The government, especially the security apparatus, views these Malay Muslim youth activists as spreading their wings beyond the three southernmost provinces that have been hit by an 11-year insurgency that has claimed more than 6,000 lives, with no end in sight - but they predict more trouble, because they see things through a security lens. Problems arise when the lens gets damaged and the authorities become cross-eyed and don't realise it. 

The Malay Muslim youths and student activists have over the years earned a great deal of respect and trust from the local population, especially at the grassroots level where abuses by the authorities often occur. 

These youths step in and speak out against alleged injustices and abuses. Their activism can be traced back eight years, when many of them occupied the Pattani Central Mosque to protest about the alleged rape against a Muslim woman in Yala province, not to mention the alleged torture and extra-judicial/targeted killings carried out by government officials. 
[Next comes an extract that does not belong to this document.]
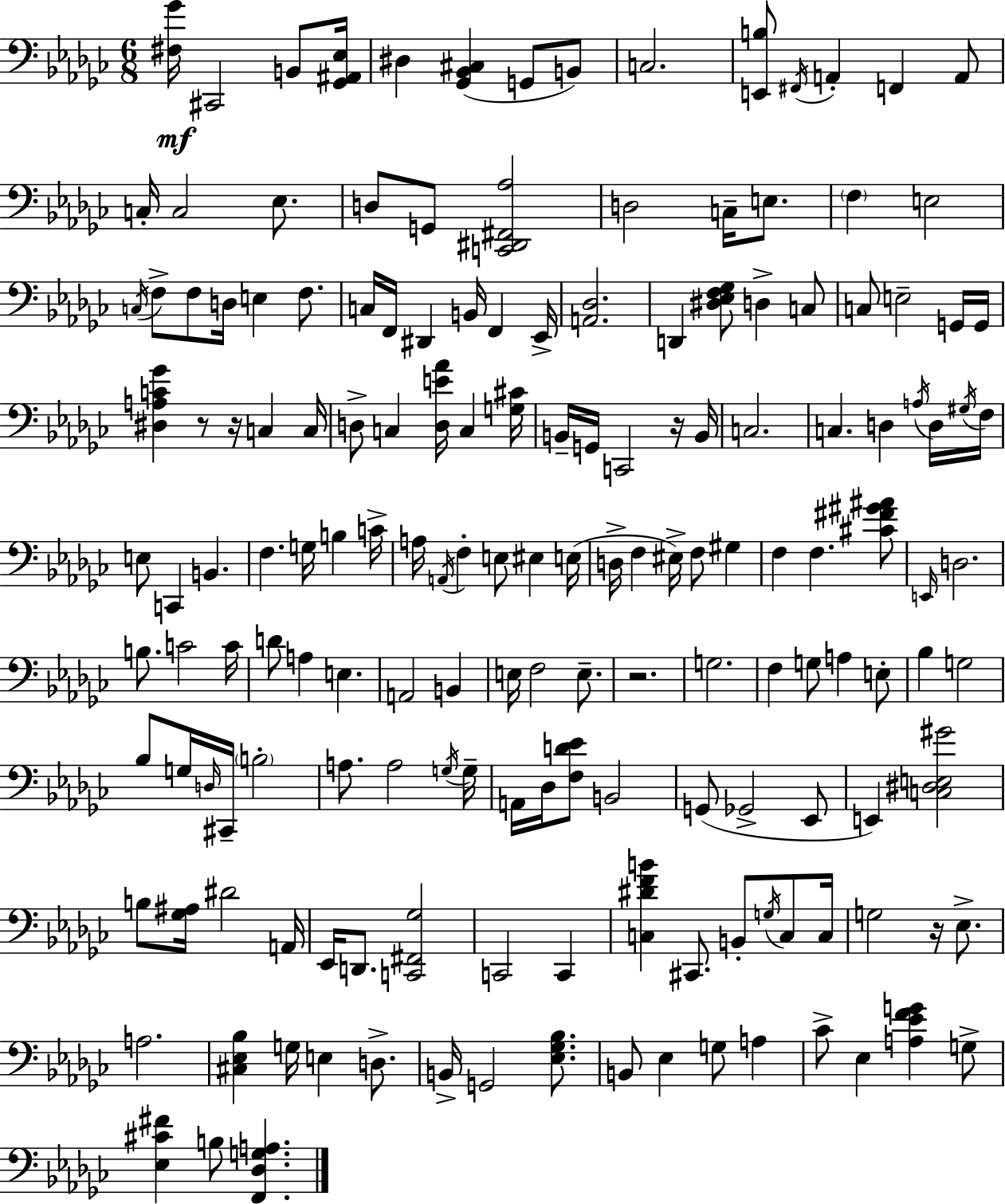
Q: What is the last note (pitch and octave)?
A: B3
But in recent months, they have been joining the Thai student protests in Bangkok and other parts of the country. 

Unfortunately, security officials and intelligence officials see this development as a security challenge against the regime.
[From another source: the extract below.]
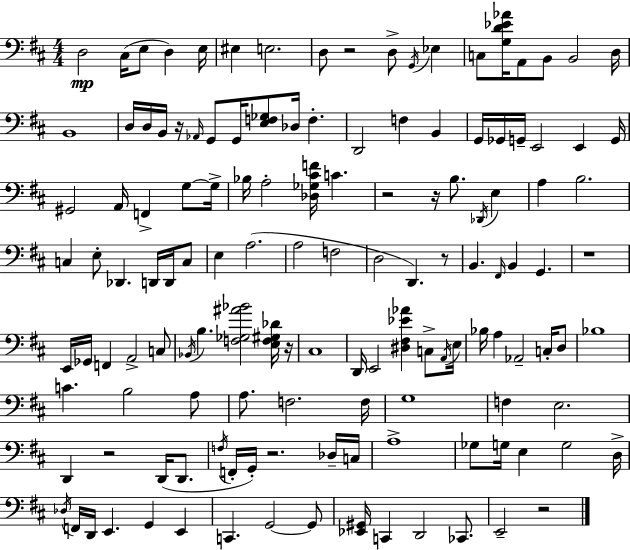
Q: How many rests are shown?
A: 10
If anything, Thai society and government officials, especially those working on the conflict in the deep South, should actually welcome such a development.

This is not to suggest that these Malay Muslim students should be receiving red carpet treatment while in Bangkok.

Up until now, these students and youth activists have been a bunch of uncompromising separatists bent on carving out a separate homeland for the Malay. Many are still being harassed. And the authorities can get away with it because they have the Emergency Law to shield them from just about anything in terms of legal repercussions. Sadly, a culture of impunity exists in this historically contested region. 

And while the Malay Muslim students and youths are promoting the concept of the "right to self-determination", it is still a far cry from separatism or armed insurgency taken up by the thousands of Malay Muslim militants on the ground.

When the red shirts and the yellow shirts were going at it on the streets of Bangkok and elsewhere, these Malay Muslim youths stayed put. Today, they see a common ground with the Thai student activists from other parts of the country.

In his weekly remarks on Friday, Prime Minister Prayut Chan-o-cha tried to sound reconciliatory; he said the 14 detained students were pure and innocent and urged them to channel their activities in a constructive manner. 

While such a statement suggested that he was extending an olive branch to the student movement, he, nevertheless, could not get away from his old self and suggested that some hidden hands have been guiding these students. 

Hasn't it occurred to Prayuth and other security officials that these youth activists have a mind of their own and that they may see things differently from the country's military, whose mandate is still questionable?

If the head honcho can't differentiate between good intention and good policy, there isn't much hope for the folks down the line, is there?

But it does not need to be that way. They just need to broaden their minds, open their hearts and not see every criticism as an attempt to overthrow them.


But the good news is that these guys are here today and gone tomorrow. These youth activists are demanding to know when tomorrow will be and that tomorrow doesn't mean forever.